Categories: Espérance, Mort, Souffrance

La cicatrice

08/12/2011

C’est pour lui seul qu’il éprouve de la douleur en son corps, c’est pour lui seul qu’il ressent de la tristesse en son âme.
Job 14.22

Me voilà de retour de la clinique, après une petite intervention chirurgicale. La douleur se fait vive. Le moindre effort est source de plainte. Pourtant, la déchirure musculaire était relativement petite et le remède semble plus douloureux que le mal. Mais ce n’est que pour un temps : la douleur ira en diminuant et disparaîtra après quelques semaines.
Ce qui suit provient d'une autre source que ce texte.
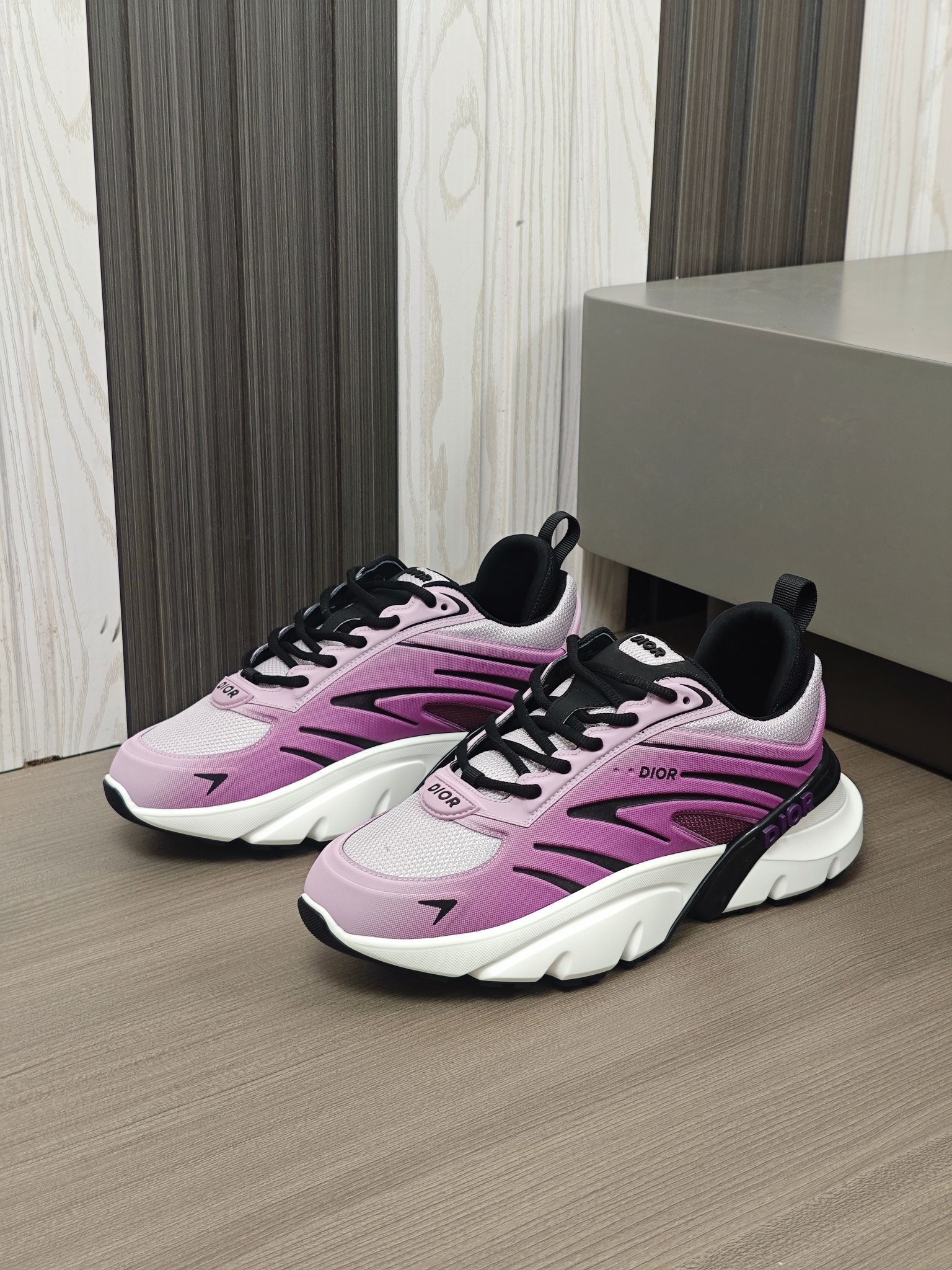 Dior B44 Blade sneakers in a purple gradient colorway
Cette douleur m’amène à penser à une autre douleur bien plus vive qui nous a été décrite : Jésus crucifié avait les mains et les pieds percés ; le poids de son corps pesait dessus. Après la résurrection, ce furent ces preuves, les marques des clous, que Jésus donna à Thomas incrédule qui disait : « Je ne crois que ce que je vois… »

Quand nous sommes confrontés à la douleur, nous nous interrogeons sur la bonté de Dieu : ne nous oublierait-il pas ?

Si Dieu permet que nous ayons des moments difficiles, jamais il ne nous veut de mal. Dans l’épreuve, nous nous approchons de lui. Nous l’appelons du sein de notre souffrance et nous le découvrons dans sa grandeur qui veut nous donner sa paix.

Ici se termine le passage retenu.